Sea Fishing in Ireland. Stormy Monday Flatties.

It is always possible to find fish on the Beara even in the worst of weather as I found out over the last couple of days. Prospects looked grim for Roger and I with serial fronts blowing in from the Atlantic. Rain driven by strong winds which moved from north west to south and back again in the space of 36 hours makes for heavy seas and little shelter on this wonderful but exposed sea angling outpost. That said, a  weather window gave us an evening and one full days fishing before it all closed in again and we made the most of it.

A Beara flounder tempted by lugworm tipped with white ragworm.

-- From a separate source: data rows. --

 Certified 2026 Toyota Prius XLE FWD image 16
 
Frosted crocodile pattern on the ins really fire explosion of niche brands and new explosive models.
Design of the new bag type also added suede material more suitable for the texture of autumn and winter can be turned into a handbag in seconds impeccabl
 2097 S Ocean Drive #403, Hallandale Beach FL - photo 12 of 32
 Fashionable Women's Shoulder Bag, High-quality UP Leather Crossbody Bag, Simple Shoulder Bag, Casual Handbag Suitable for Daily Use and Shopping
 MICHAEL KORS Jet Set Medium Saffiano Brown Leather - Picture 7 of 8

Digging fresh lugworm and white rag  for bait we chose a relatively sheltered mark with flat fish in mind. Roger used a two hook flowing trace while I baited up a two hook paternoster. Distance has proved decisive on this location before and so it transpired again. From the get go dogfish made their appearance more or less every other cast to plain lug baits. Tipping off with white rag and being able to get that little bit further out due to the rig employed, a decisive pull down of the rod top followed by a slack line resulted in a fine flounder, the next cast producing a good codling. With night closing in we called it a day.

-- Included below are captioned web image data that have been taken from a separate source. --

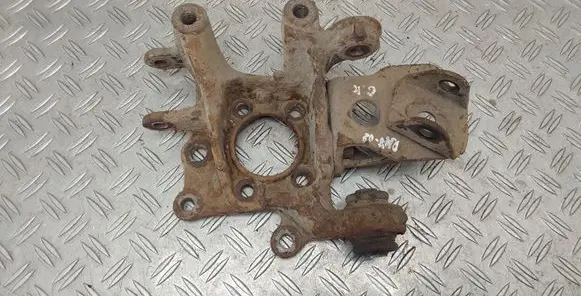 Toyota RAV 4 (XA30) Rear wheel hub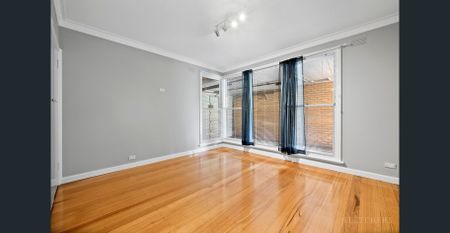 Modern Charm, Big Backyard Living – Your Ideal Family Home Awaits! - Photo 2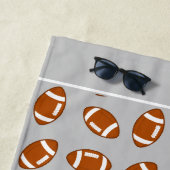 Eleganter American Football on Gray Strandtuch (Beispiel)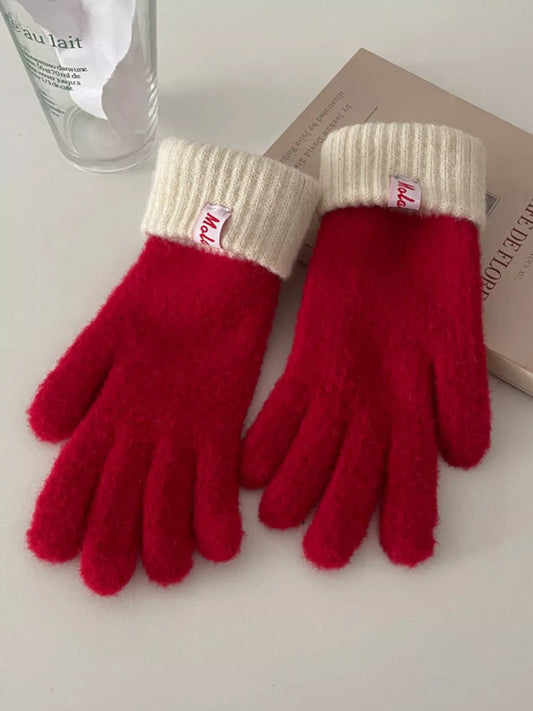 Cozy Knit Gloves with Ribbed Cuff - Red One Size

Evening sea fishing during rough conditions on the Beara Peninsula, Ireland.

The following evening during a temporary lull we used up the remainder of our lugworm fishing a different rock mark that again gave access to clean ground. This time we both used two hook paternosters banged out and what a session we had. Fishing about two hours into the rising tide we hit codling averaging 2.0 lbs on our first casts with no let up until the bait ran out. Super fishing similar to what we experienced last October capped off by a cracking pound plus dab, one part of a codling/flattie double header.

A pound dab tempted by lugworm while sea fishing on the Beara Peninsula, Ireland.

The fishing continued with double codling shots occurring at least three times. At close of play Roger had the best fish topping 2.5 lbs. We kept a few codling for the pot returning most to the water. Two year classes were evident, one year and two/three years. Codling breed in their forth year so we are not out of the woods yet, however as stated before if this obviously prolific stock is managed rather than exploited then there is hope for the species.

A mixed bag caught sea fishing on the Beara Peninsula, Ireland.

The Beara is full of surprises, I have not caught codling like this in May since the late 1980′s, and as for flatfish well I will keep coming back. In the last three trips I have landed numerous plaice to 1.5 lbs and dab to a pound plus, with a friend catching a 1.5 lb specimen dab. This is quality fishing for the times we are living in, long may it last.